Abstract

Estimation of the long-memory parameter from the log-periodogram (LP) regression, due to Geweke and Porter-Hudak (GPH), is a simple and frequently used method of semi-parametric estimation. However, the simple LP estimator suffers from a finite sample bias that increases with the dependency in the short-run component of the spectral density. In a modification of the GPH estimator, Andrews and Guggenberger, AG (2003) suggested a bias-reduced estimator, but this comes at the cost of inflating the variance. To avoid variance inflation, Guggenberger and Sun (2004, 2006) suggested a weighted LP (WLP) estimator using bands of frequencies, which potentially improves upon the simple LP estimator.

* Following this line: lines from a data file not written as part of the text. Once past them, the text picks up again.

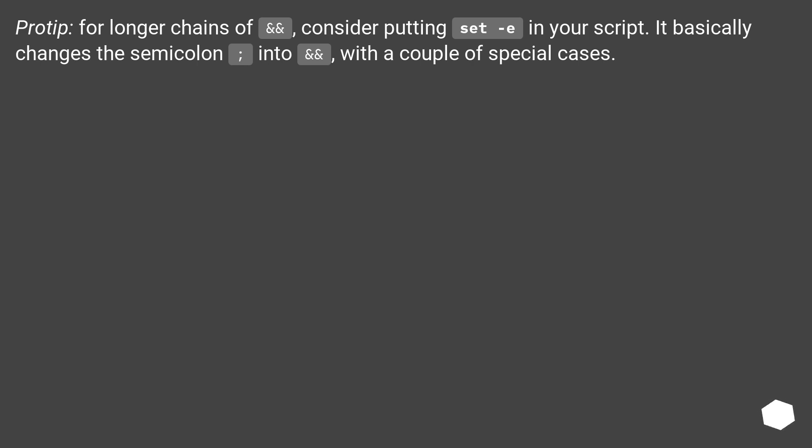Pro tip: for longer chains of &&, consider putting set -e in your script. It basically changes the semicolon into &&, with a couple of special cases.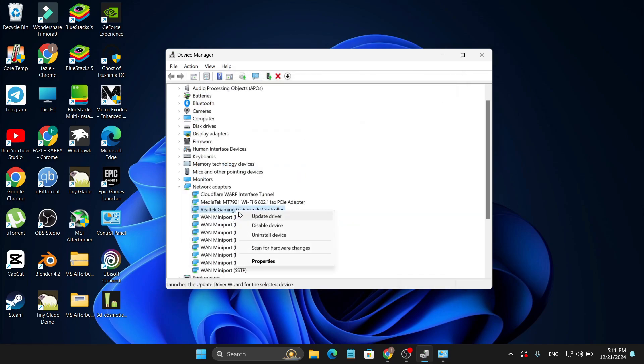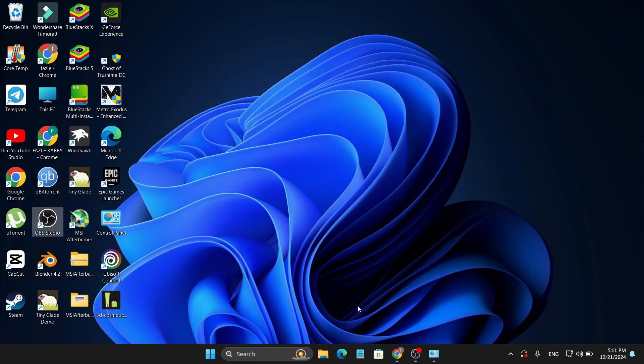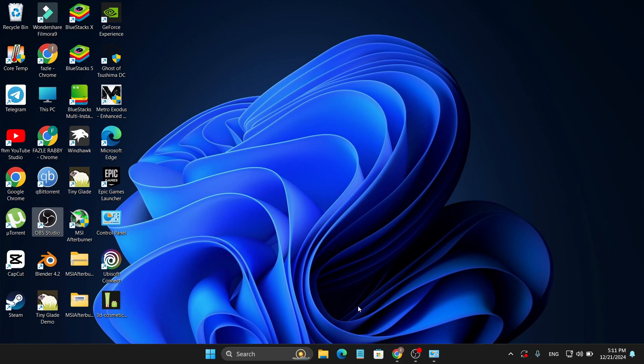If updating the driver is also not working, right-click on it again and click 'Uninstall device', then go ahead and uninstall it from your PC. After uninstalling, restart your PC and it will reinstall the driver for you. If there was an error in your driver it will be fixed, then try plugging in the ethernet cable. Hopefully this last method will work for you. If you found this video helpful, please subscribe to the channel — thank you for watching.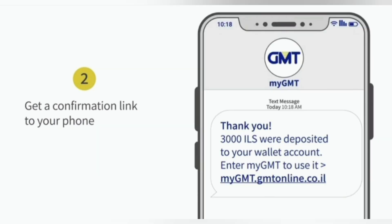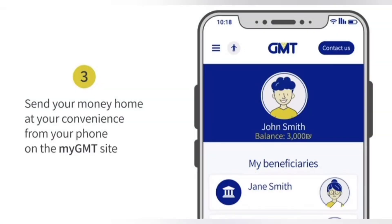After depositing money, you will get a message to your phone. Then you can transfer the money to your country.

In all cases a key parameter in these methods is the need to choose a frequency bandwidth, m, which confines the chosen frequencies to be in the ‘neighbourhood’ of zero. GPH suggested a ‘square-root’ rule of thumb that has been widely used, but has no optimality characteristics. An alternative, due to Hurvich and Deo (1999), is to derive the root mean square error (rmse) optimising value of m, which depends upon an unknown parameter, although that can be consistently estimated to make the method feasible. More recently, Arteche and Orbe (2009a,b), in the context of the GPH estimator, suggested a promising bootstrap method, based on the frequency domain, to obtain the rmse value of m that avoids estimating the unknown parameter. We extend this bootstrap method to the AG and WLP estimators and to consideration of bootstrapping in the frequency domain (FD) and the time domain (TD) and, in each case, to ‘blind’ and ‘local’ versions. We undertake a comparative simulation analysis of these methods for relative performance on the dimensions of bias, rmse, confidence interval width and fidelity.